On top of the supply chain crisis, we now have a full-blown land war in Europe, a food security crisis and an energy crisis. The Fed is powerless to cure these inflationary ills. The Fed can increase the cost of and decrease the availability of money which can cool surging housing prices…and the availability of AI-powered refi loans for used cars…and maybe pop the crypto bubble. Unfortunately, demand destruction and rapidly shifting consumer behavior on the back of $6 gas will likely handle the rest of the inflationary pressures. Target for example has issued two profit warnings in the past month as it is unable to move its home durables inventory. Perhaps instead of slashing prices to attract consumers, Target should sell the washers to our auto industry to be stripped for chips! I’m only half kidding. Anyway, the global economy is changing rapidly. Call it an economic recession or a profits recession or whatever you like, but change is coming.

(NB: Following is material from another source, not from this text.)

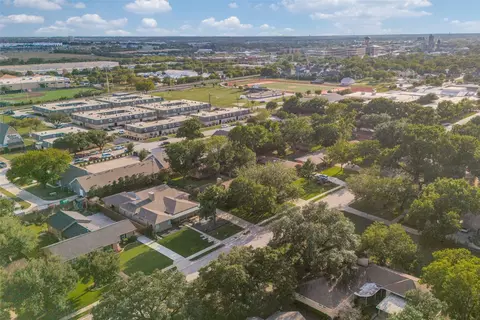 839 E Worth St, Grapevine, TX 76051 photo 9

If the war in Ukraine is bringing the political West closer together, the resulting food insecurity is tearing much of the world apart. The UN’s Food and Agriculture Organization presented to the G7 in May 2022 to highlight the significant food crisis of 2021 and that it “is in this dramatic context that we now face the war in Ukraine.” Russia and Ukraine account for over a tenth of calories traded each day, 30% of world wheat exports and 60% of sunflower oil. A tenth doesn’t sound like a lot, but 26 countries depend on Russia and/or Ukraine for more than half of their grains. To quote Howard Marks “Never forget the six-foot-tall man who drowned crossing the stream that was five feet deep on average.” Energy and food costs spiraling could change existing allegiances between countries. Compounding the war shortages, global harvests have been hampered by weather. The Fed raising rates has precisely zero impact on weather and war.
This is a long way of saying food and energy prices could strain the US and global consumer. The range of economic outcomes is wide but centered on “worse” than we thought six months ago. The Fed cannot have the back of the equity market while it fights inflation. Unfortunately, the Fed cannot cure many causes of today’s inflation. With the strain on the consumer wallet, potential wealth effect hits from crypto, equity and debt markets tumbling, a land war in Europe and continued supply chain chaos, Mr. Marks’ stream has become a raging river.
As such, we lean on our process to float over the incredible uncertainty ahead. This is the type of market where former owners abandon individual securities or entire sectors by the river’s edge for fear of crossing. Should we find companies we are comfortable getting to the other side with, we have plenty of room in our boat.